Jabatan jangan dicari

Penempatan kembali muktamar toriqoh ke 10 Jam’iyyah Ahlit Thoriqoh Al Mu’tabaroh An Nahdliyyah di Pekalongan pada bulan Maret 2005 kemarin sempat memunculkan kecurigaan dari berbagai pihak dengan ingin tampilnya kembali Habib Muhammad Luthfi Bin Ali Bin Yahya sebagai Rais Aam Jam’iyyah Ahlit Thoriqoh Al Mu’tabaroh An Nahdliyyah. Pasalnya pada muktamar ke 9 lima tahun silam juga telah digelar di tempat yang sama dan menghasilkan Habib Luthfi Bin Yahya sebagai Rais Aam. Meski akhirnya muktamirin sepakat kembali mememilih dan menunjuk Habib Luthfi untuk menjadi Rais Am yang kedua kalinya.

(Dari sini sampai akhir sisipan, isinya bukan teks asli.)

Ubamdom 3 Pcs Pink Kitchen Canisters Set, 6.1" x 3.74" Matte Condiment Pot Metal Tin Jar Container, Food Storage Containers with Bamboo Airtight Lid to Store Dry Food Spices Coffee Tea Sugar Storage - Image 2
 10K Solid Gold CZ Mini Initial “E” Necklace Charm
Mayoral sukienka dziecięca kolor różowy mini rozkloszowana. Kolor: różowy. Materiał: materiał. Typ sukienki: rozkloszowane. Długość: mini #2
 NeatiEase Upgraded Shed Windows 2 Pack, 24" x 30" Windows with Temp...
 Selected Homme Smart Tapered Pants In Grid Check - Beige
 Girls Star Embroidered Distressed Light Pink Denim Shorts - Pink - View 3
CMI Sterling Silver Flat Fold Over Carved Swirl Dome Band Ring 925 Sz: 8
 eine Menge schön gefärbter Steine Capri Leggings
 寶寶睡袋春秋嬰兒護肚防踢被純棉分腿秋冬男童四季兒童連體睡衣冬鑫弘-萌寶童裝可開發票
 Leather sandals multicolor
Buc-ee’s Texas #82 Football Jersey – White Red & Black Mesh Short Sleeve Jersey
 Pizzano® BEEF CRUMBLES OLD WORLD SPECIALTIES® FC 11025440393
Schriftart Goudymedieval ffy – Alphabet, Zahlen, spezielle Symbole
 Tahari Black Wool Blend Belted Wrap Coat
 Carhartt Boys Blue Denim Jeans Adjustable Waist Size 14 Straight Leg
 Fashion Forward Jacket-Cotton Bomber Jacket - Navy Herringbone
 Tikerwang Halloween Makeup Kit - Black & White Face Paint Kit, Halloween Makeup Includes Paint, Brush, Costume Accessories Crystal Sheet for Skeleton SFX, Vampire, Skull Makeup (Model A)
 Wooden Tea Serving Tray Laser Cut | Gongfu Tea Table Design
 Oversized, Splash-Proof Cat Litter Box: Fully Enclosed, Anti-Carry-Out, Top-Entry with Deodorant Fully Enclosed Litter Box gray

Akan tetapi tudingan itu ditepis oleh Habib Luthfi. Yang jelas keinginan Pekalongan sebagai tuan rumah bukan atas kehendak dirinya, akan tetapi merupakan keputusan rapat pleno pengurus Idaroh Aliyah. Sebenarnya Lampung juga telah menyatakan siap, akan tetapi para pengurus yang sudah sepuh sepuh itu keberatan jika muktamar diletakkan di luar Jawa. Akhirnya Pekalongan kembali ditunjuk sebagai tuan rumah, ujar Habib suatu ketika. Hal ini tak lain adalah semata mata demi kemudahan pelaksanaan saja. Baginya, jabatan merupakan amanah dan tidak bisa diminta minta. Dimanapun tempatnya, dirinya menyatakan siap diposisikan. Pasalnya, seseorang yang ingin berjuang bukan harus pada jabatan ketua umum saja. Artinya, pengabdian dan perjuangan dapat dilakukan seseorang sesuai dengan kemampuannya masing masing dan saya siap mendukung siapapun yang terpilih, ujarnya.

Bahkan pada saat digelarnya Musyawarah Daerah (Musda) MUI Kota Pekalongan, Habib Luthfi tidak berada di Pekalongan, beliau malah sedang ada acara di Jawa Timur. Toh demikian seluruh peserta musda sepakat menempatkan kembali Habib Luthfi menjadi Ketua Umum MUI Kota Pekalongan untuk yang kedua kalinya.